TEMPO.CO, Jakarta - Komisi Kepolisian Nasional (Kompolnas) menyesalkan jatuhnya korban jiwa dalam unjuk rasa mahasiwa di sejumlah daerah yang terjadi dalam beberapa hari terakhir. "Korban jiwa tidak perlu terjadi, harus diungkap apa penyebab kematian dan siapa pelakunya," kata anggota Kompolnas Bekto Suprapto, saat dihubungi Tempo, Jumat, 27 September 2019.
Bekto enggan menyimpulkan adanya kesalahan prosedur yang dilakukan kepolisian. Ia mengatakan untuk mengambil kesimpulan, perlu dipastikan penyebab kematian korban. Adapun penyebab kematian hanya dapat diperoleh melalui tindakan otopsi oleh ahli kedokteran forensik.
Akan halnya mengenai jenis peluru, perlu investigasi memastikan peluru hampa atau peluru karet atau gas air mata. “Ada pertanggung jawabannya. Pengawas internal dalam hal ini Propam, harus proaktif."
Dalam penanganan unjuk rasa, kata Bekto, ada dua aturan yang berlaku kepada anggota Polri, yaitu Perkap penanganan unjuk rasa dan Perkap implementasi hak asasi manusia dalam tugas Polri. Ia menilai kedua aturan sudah lengkap dan tinggal melihat penerapannya di lapangan.
Jika memang aparat kepolisian yang menembak, dengan peluru karet ataupun peluru tajam, tetap harus dibuktikan. Selain dilihat dari ada tidaknya luka tembak dari korban, Bekto mengatakan hal ini juga bisa dilihat dari jelaga pada pakaian atau permukaan kulit korban, selongsong peluru, proyektil (jika ada), dan senjata yang dipakai.

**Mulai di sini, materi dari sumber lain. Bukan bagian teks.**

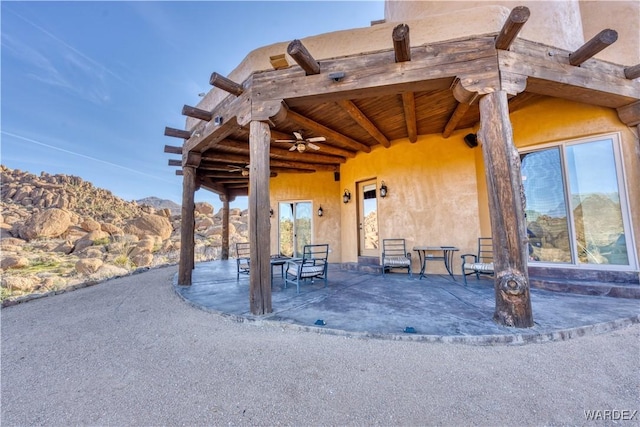 view of patio / terrace featuring a mountain view and a ceiling fan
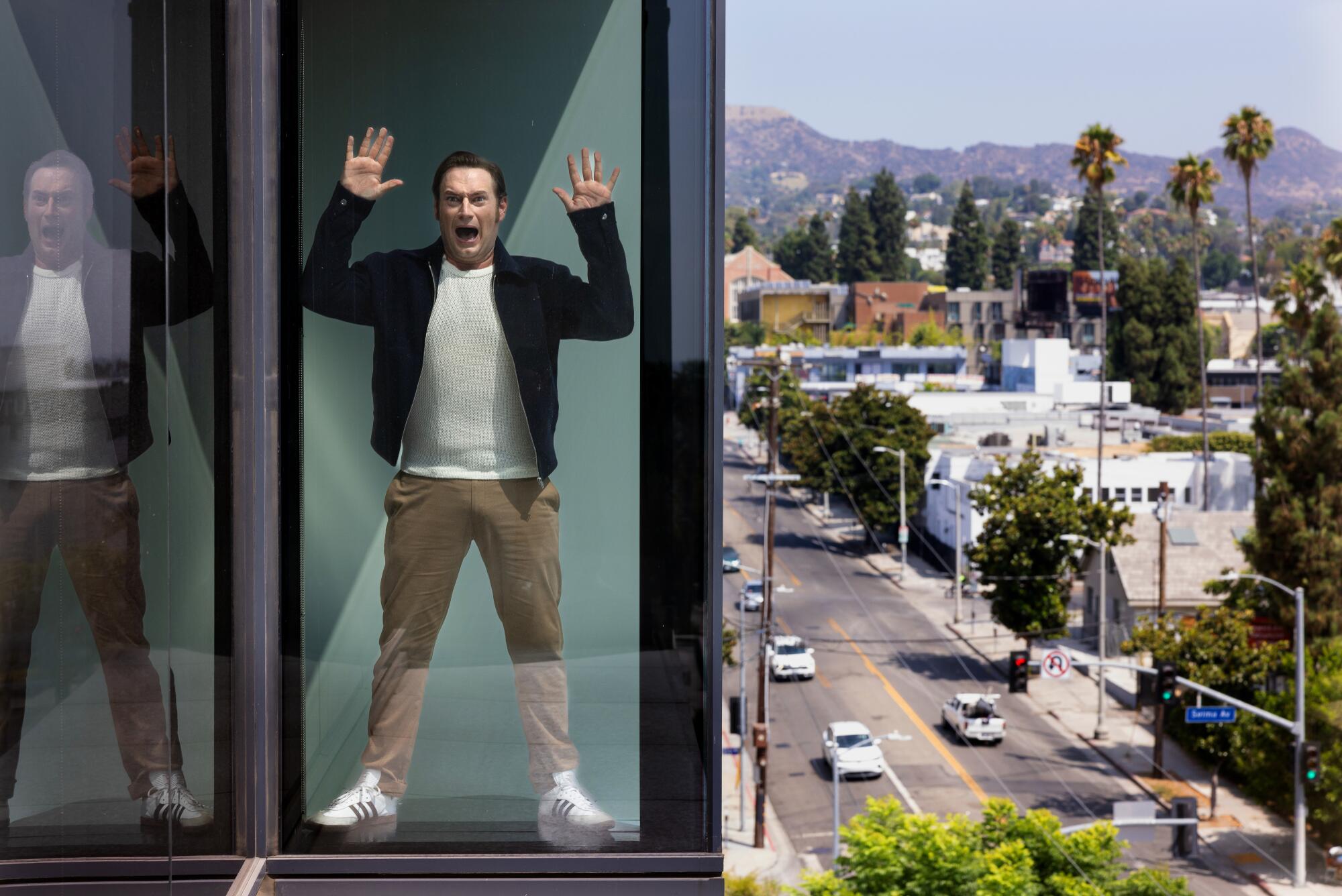A man wearing a dark jacket, white T-shirt and khaki pants is seen shouting through a glass wall.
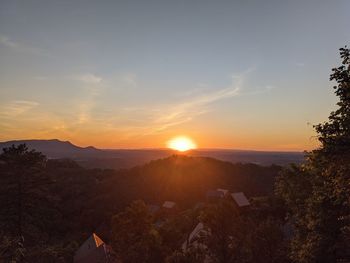 Scenic view of mountains against sky during sunset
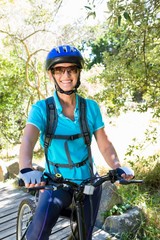 Senior woman is smiling with her bike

"Hal ini bisa dibuktikan melalui pemeriksaan balistik," kata Bekto. Ia pun berharap Kapolda Sulawesi Tenggara dapat proaktif dalam memberikan keterangan mengenai situasi ini. Bekto juga mengatakan Kompolnas akan segera meminta keterangan dari mereka untuk menilai situasi ini.
Dalam dua hari ini, dua mahasiswa meninggal seusai aksi. Pertama mahasiswa Fakultas Perikanan dan Ilmu Kelautan (FPIK) UHO Kendari, Immawan Randi meninggal dunia diduga akibat terkena tembakan.

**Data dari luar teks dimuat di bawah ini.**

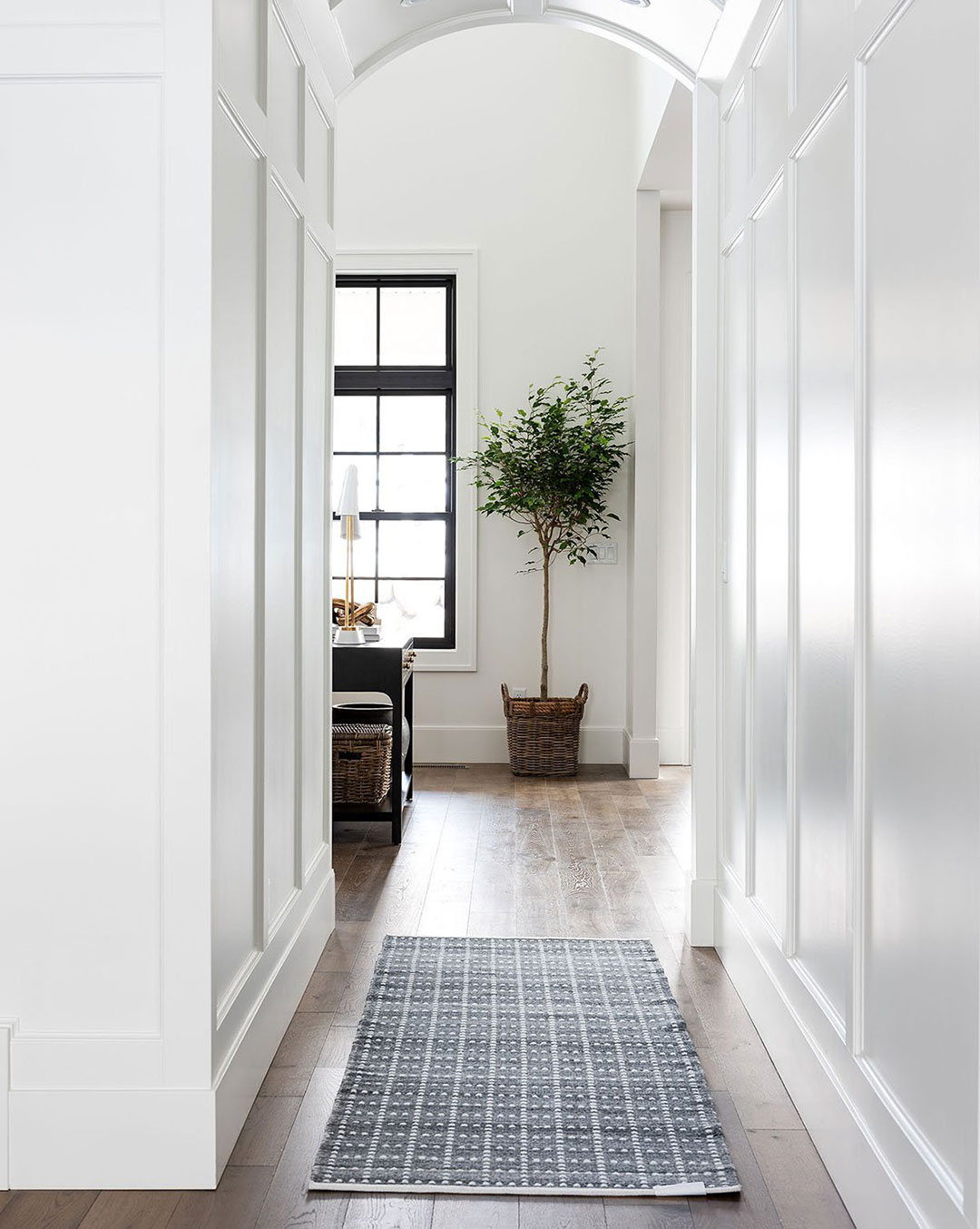 Example of an outdoor / indoor rug that is in a hallway.Mcgee and Co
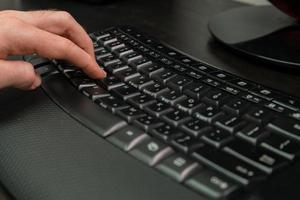 Hombre escribiendo en un teclado con letras en hebreo e inglés foto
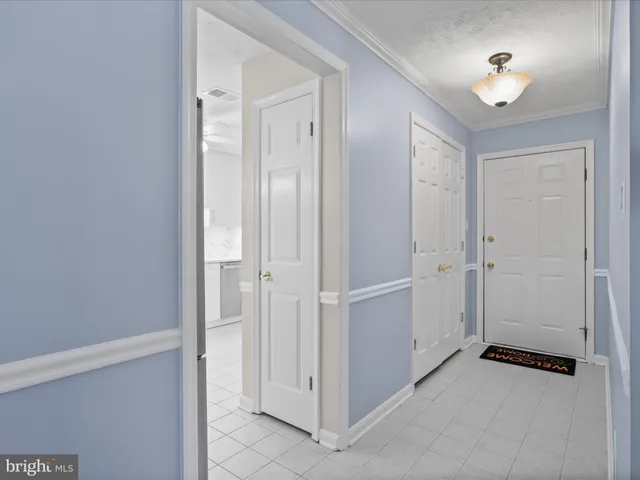 a kitchen with cabinets stainless steel appliances a sink and a stove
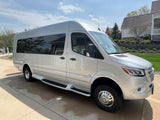 A silver Mercedes-Benz Sprinter van, ideal for rv rental adventures. This luxury conversion van is parked on a sunny driveway.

Kedua Yusuf Kardawi, mahasiswa D3 Teknik Sipil Universitas Halu Uleo. Yusuf meninggal di ICU RSUD Bahteramas Kendari pukul 04.05, Jumat waktu setempat. Kepalanya pecah diduga akibat kekerasan yang dilakukan oleh aparat. Tindakan polisi yang dinilai sudah kelewat batas terhadap para pendemo ini juga dikecam sejumlah aktivis HAM.